My previous post highlighted my adventure as a travel guide, leading a motorcade of tourists through the hills of Etruria (modern day Tuscany) to visit tombs and such. This time I take you deep inside the National Etruscan Museum, Archeologico Nazionale Museo, in Chiusi because of its wealth of Etruscan artifacts. It’s located at Via Porsenna 93, in the heart of Chiusi, and it just might be the best € 4.00 you will spend in Tuscany.
The Museum was established in 1871 and is housed in a wonderful neo-classical building. It is rich in Etruscan treasures because the hills surrounding it are bountiful in Etruscan tombs. Whenever a farmer digs a new well and discovers a new tomb, the artifacts make their way down the hills and into the Museo. The collection also includes contributions from private collections.
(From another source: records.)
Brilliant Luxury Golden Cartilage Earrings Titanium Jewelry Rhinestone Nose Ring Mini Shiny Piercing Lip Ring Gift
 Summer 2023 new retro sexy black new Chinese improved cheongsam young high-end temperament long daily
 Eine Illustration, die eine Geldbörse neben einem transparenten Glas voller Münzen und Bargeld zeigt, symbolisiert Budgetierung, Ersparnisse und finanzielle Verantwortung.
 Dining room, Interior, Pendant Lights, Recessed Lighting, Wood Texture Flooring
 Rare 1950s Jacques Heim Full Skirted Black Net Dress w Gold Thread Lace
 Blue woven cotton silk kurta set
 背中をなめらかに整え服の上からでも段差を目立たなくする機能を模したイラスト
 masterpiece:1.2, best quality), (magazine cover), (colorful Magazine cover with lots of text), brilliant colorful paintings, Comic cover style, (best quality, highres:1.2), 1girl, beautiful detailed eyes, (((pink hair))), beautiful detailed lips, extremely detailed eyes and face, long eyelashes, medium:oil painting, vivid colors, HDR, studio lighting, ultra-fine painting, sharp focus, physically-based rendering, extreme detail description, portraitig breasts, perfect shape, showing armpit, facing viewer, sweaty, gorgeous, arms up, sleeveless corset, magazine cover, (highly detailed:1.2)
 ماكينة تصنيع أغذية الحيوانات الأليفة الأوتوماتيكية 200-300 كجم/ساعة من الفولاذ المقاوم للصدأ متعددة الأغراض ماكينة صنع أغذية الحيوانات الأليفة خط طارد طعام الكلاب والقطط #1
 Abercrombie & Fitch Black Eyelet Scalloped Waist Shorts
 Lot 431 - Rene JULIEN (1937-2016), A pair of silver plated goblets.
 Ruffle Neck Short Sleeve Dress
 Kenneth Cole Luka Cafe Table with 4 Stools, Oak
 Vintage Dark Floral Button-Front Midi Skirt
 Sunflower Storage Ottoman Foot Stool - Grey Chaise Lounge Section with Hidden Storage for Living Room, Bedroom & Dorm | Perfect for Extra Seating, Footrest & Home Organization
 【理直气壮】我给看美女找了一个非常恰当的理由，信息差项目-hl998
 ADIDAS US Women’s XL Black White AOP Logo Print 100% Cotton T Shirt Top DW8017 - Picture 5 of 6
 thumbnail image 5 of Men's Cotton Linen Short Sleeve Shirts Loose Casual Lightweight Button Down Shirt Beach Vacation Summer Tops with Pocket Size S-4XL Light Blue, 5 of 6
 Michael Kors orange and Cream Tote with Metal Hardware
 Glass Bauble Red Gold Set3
The items are organized quite well and begin with elements of the Bronze and Iron Age and proceed forward in time, alcove to alcove. Yet, no matter how you journey through the building there is one thing which will capture the heart of any intelligent woman with wanderlust. In Etruria, women were respected and revered. Here you will see a female sphinx; here you will see noble women reclining with a book in hand; here you will see funerary statues that honor the female who has passed. I was so impressed by this because it was something I had not known until that moment and which was so distinctly different from how ancient Romans and Greeks viewed women.

The statuary's eyes have a vapid quality which was the antithesis of this loving, deep and highly spiritual society
The other stunningly strange fact is that all of the statuary and vases are missing eyes – not as in missing them like they were knocked out but missing them as the sockets are carved into the statue but without actual irises and pupils. It gives the statues a vapid, soulless quality which is the
antithesis of all that I have read on the Etruscans, a highly religious and superstitious civilization. It was so disturbing to me that I commented to my friend it was as if this deeply philosophical society just disappeared and left no trace of its soul behind. The Etruscan mystery endures in time and in Chiusi.
TOURIST TIP for WANDERLUST WOMEN: There is a pizza god across from the museo. I kid you not. The pizza chef in the pizzeria next to the Piazza del Duomo, directly opposite the museo, must be a descendant of an Etruscan god. Magnificent. However, he was not the happiest person when I was there but maybe it had to do with the hot pizza oven and a screaming mamma in the cucina this hot, summer day!